Facebook advertising, as well as other forms of social media advertising, is “grossly underpriced” and brands are “leaving money at the table” if they’re not spending up big on these platforms, said Gary Vaynerchuk.
“If you do not spend a disproportionate amount of your time, over the next 24 months, massively figuring out Facebook and Instagram, you will leave an enormous amount of money on the table,” the entrepreneur and internet-famous marketer said.
“You may leave enough money on the table that it doesn’t allow you to continue your business if the macro-economic climate changes.”
Take advantage of the current situation while social media advertising is so cheap, Vaynerchuk told the crowd at a recent Business Squared event in Melbourne.
“There are moments in our history – when we transitioned from the radio to the television, when the internet first emerged, when cable television first emerged – where we had grossly underpriced attention… but the market hasn’t adjusted to the reality of our attention.”
Vaynerchuk said we are now living through a time of underpriced attention, with social media, but too many businesses and brands are wasting time and not taking full advantage of it.
“The amount of people who have opinions on Facebook ads, Snapchat ads and Instagram ads but have never run them is laughable. The amount of people who spent $1000 on a Facebook ad campaign that didn’t work and they deemed the entire thing to not work, is laughable.
“Just because you haven’t figured it out yet, or it’s not working to the extreme, doesn’t mean it’s not actually happening.”

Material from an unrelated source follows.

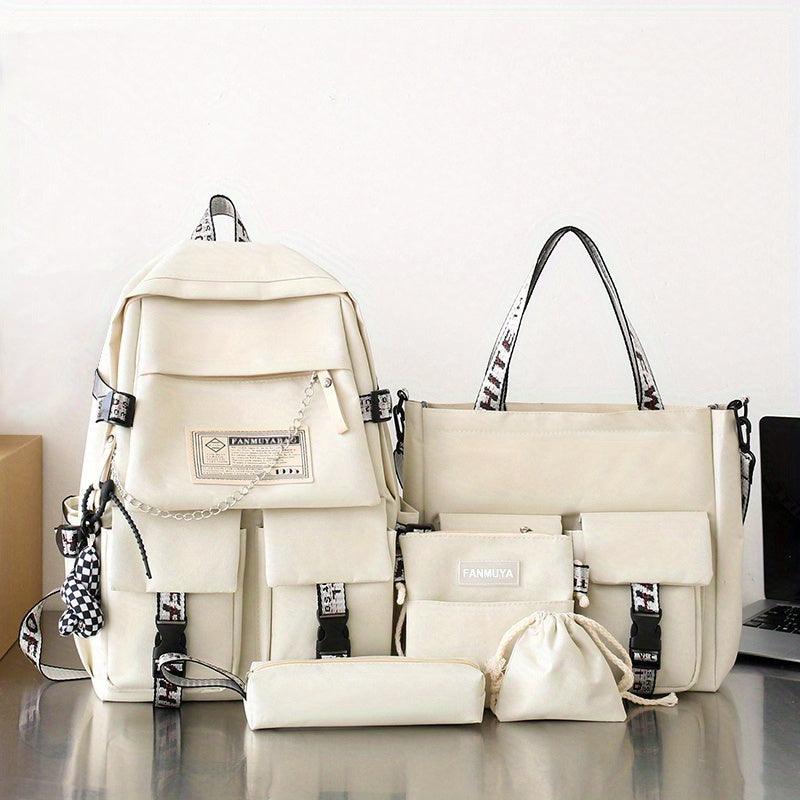 Schoolbag Female Campus Style Backpack Female Couple Backpack Everything Large Capacity Schoolbag Male - SMSB 66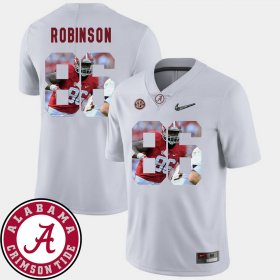 #86 A'Shawn Robinson Pictorial Fashion Alabama Football Mens White Jerseys 632075-746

If you’re not advertising on social media, you’re leaving money on the table
“When I hear the story of my narrative of building a $3 million to $60 million business (Wine Library), it’s super great but I always see it as a huge disappointment,” Vaynerchuk said.
“Even though I built one of the largest wine stores in the country, I left a lot of money on the table because I still was doing direct mail, newspaper ads, radio ads and billboards on the highway.
“What I should’ve been doing from 2002 to 2005 was putting all of the money into Google AdWords, not a lot, like I was doing. I see that as a great $30 – $50 million, maybe even a $100 million, miss on my part because I had the best hand – it was called Google AdWords in the early 2000s – I just didn’t squeeze it hard enough.”
Vaynerchuk said he sees the same thing happening today with social media advertising.
He implored everyone that is running a business to get serious about social media advertising and become “unbelievably educated” in how to run Facebook ads.
“For the people who do not squeeze it during this era, they will regret it tremendously. Because what is going to happen over the next five years, is the biggest brains in the world are going to finally spend enough money on Facebook – the proper amount they should be spending. And when BMW, and Coca-Cola and Toyota spend the tens of millions of dollars on Facebook that they’re not right now, the prices on the auction marketplace that you buy ads on will go up. It’s very simple: supply and demand,” he said.
“I used to pay five cents a click for ‘pinot noir’ and ‘chardonnay’ (on AdWords) – those words aren’t five cents any more.
“You can reach a 40-year-old woman into fitness in Brisbane right now for $4 CPMs (cost per thousand impressions) but when it’s $94 CPMs in five years, and people don’t click ads in Facebook anymore, you’ll be really sad that you sat on your hands during this era.”
There is no ‘social media’
According to Vaynerchuk, social media is merely a label.
“There is no social media. It’s a slang term. It’s a term that we came up with for, you know, the current state of the internet,” he said.
“When you hear the word social media, (make sure) it stops going from this ‘thing’ that’s emerging, this ‘thing’ that’s for your 14-year-olds, this ‘thing’ that’s coming and will be big one day.
“Over 50 per cent of the time humans spend on a cell phone is spent on what is deemed a social network or on a content site like YouTube or LinkedIn. I don’t know if you’ve been paying attention; people are spending a lot of time on their phones.”
Storytelling is key
Vaynerchuk described social media as a platform in which we communicate, just as we have done on other platforms for many years.
“I hope you understand that we are going through a massive attention arbitrage,” he said.
“The cost to produce content in video or audio form, and then distribute it, used to cost millions of dollars. You literally had to have hundreds of thousands of dollars in equipment, hundreds of thousands of dollars in salaried employees, and then millions of dollars in infrastructure and distribution costs, to get in front of people.
“The key is, everybody here for their business needs to figure out how they are going to story tell. It breaks down into the written word, audio and video – the newspaper, the radio, the television or a blog, a podcast or a vlog. It (the medium) has always been the same.”
Vaynerchuk stressed the importance of understanding how your business can best communicate, be that through the written word, audio or video. He advised getting to all three mediums as quickly as possible, or choose one in the beginning if you can’t afford the infrastructure or people to support the other two.
“If you’re not talking to the world on a daily basis on one of the six or seven most important social networks… every second that’s going by, you’re losing ground.”